The acquisition represents a strategic pivot for MTN. Over the past decade, many African telecom operators divested tower assets to independent infrastructure firms to unlock capital and reduce balance sheet pressure. MTN itself had reduced direct exposure, retaining roughly a 24 percent fully diluted stake in IHS prior to the deal.

Ralph Mupita, group president and CEO of MTN, described the acquisition as pivotal for strengthening MTN’s strategic and financial position in a future where digital infrastructure is central to Africa’s development. He said the deal would enhance MTN’s ability to partner with governments and support long-term connectivity growth across its markets.

The IHS board unanimously approved the agreement, recommending shareholders vote in favor. MTN has committed to vote all its shares in support of the deal, while long-term shareholder Wendel has also issued a letter backing the transaction, together accounting for over 40 percent of shareholder support.

Sam Darwish, chairman and CEO of IHS, said the agreement provides shareholders certainty and immediate value amid macroeconomic and geopolitical volatility.

Founded 25 years ago with a single tower, IHS grew into one of the world’s largest independent tower companies, operating in 11 countries and managing approximately 40,000 towers at its peak.
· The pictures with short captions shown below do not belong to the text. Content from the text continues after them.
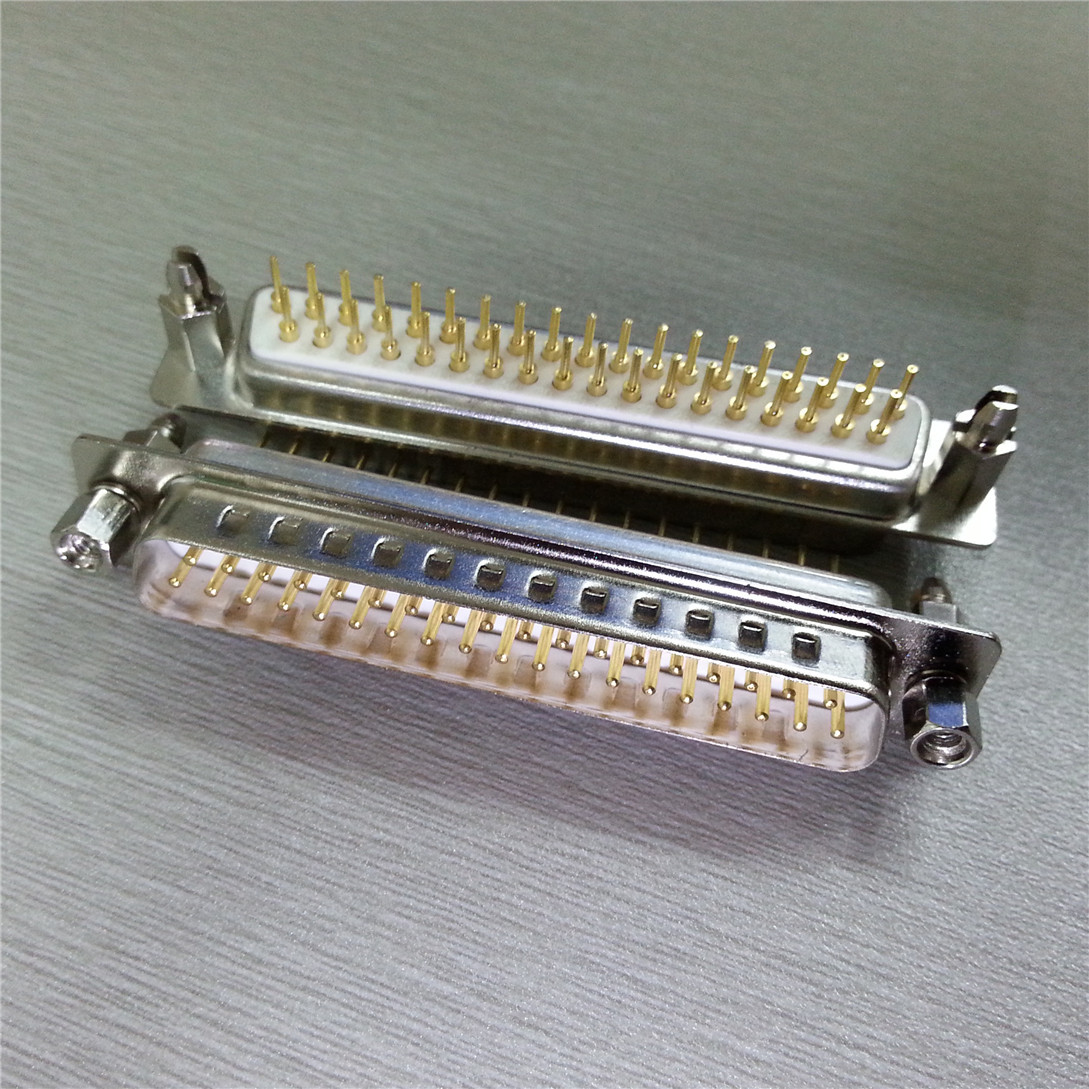 车针DP37pin直插铆锁公座  实心级针座 DP37P直插式公头连接器
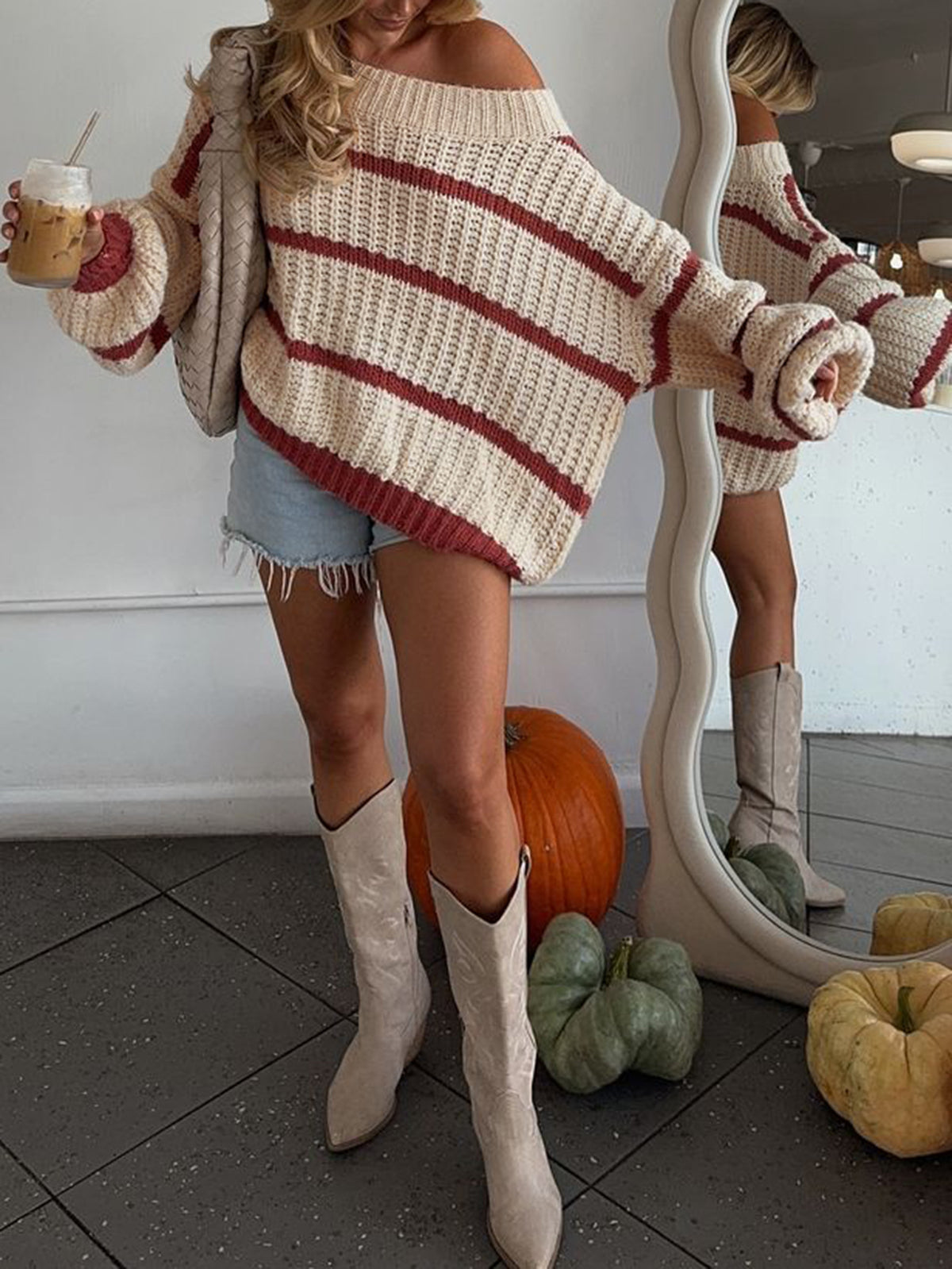 PREORDER: The Fireside Stripe Knit Sweater RERUN 9.28.26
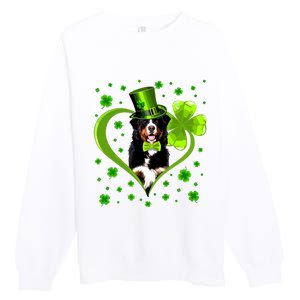 Funny Puppy Shamrock Bernese Mountain Dog St Patricks Day Premium Premium Crewneck Sweatshirt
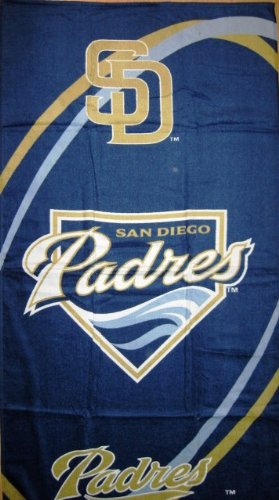 SAN DIEGO PADRES BEACH TOWEL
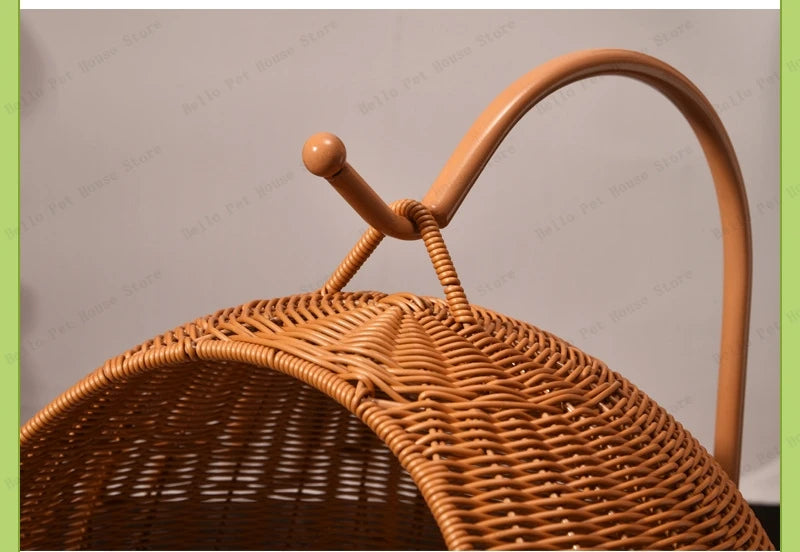 Rattan Cat Nest and Cat Cage Washable Cat Hanging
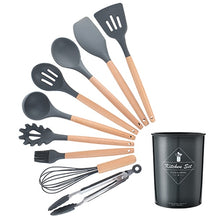 Load image into Gallery viewer, Silicone Kitchenware Cooking Utensils Set Heat Resistant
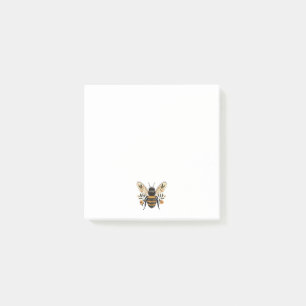 Cute Decorative bee Floral Post-it Notes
The acquisition will be financed through a combination of MTN rolling over its existing stake, $1.1 billion in cash from MTN, about $1.1 billion from IHS’s balance sheet, and the rollover of existing IHS debt. A minimum of $355 million in cash must be retained at closing.

The deal, expected to close in 2026, is subject to shareholder and regulatory approvals. Certain funding conditions depend on the sale of IHS’s Latin American tower operations and fiber business, announced earlier in February.

J.P. Morgan is advising IHS, while BofA Securities and Citigroup Global Markets are advising MTN.

Beyond financial considerations, the acquisition signals a recalibration in Africa’s telecom infrastructure landscape. After years of asset-light strategies, operators are increasingly recognizing the strategic value of owning infrastructure amid rising data demand, geopolitical uncertainty, and the push for digital sovereignty.

If completed, the deal will create the largest standalone and integrated tower company in Africa under MTN’s control, aligning network operations with physical infrastructure in a region where connectivity remains both a commercial battleground and a development imperative.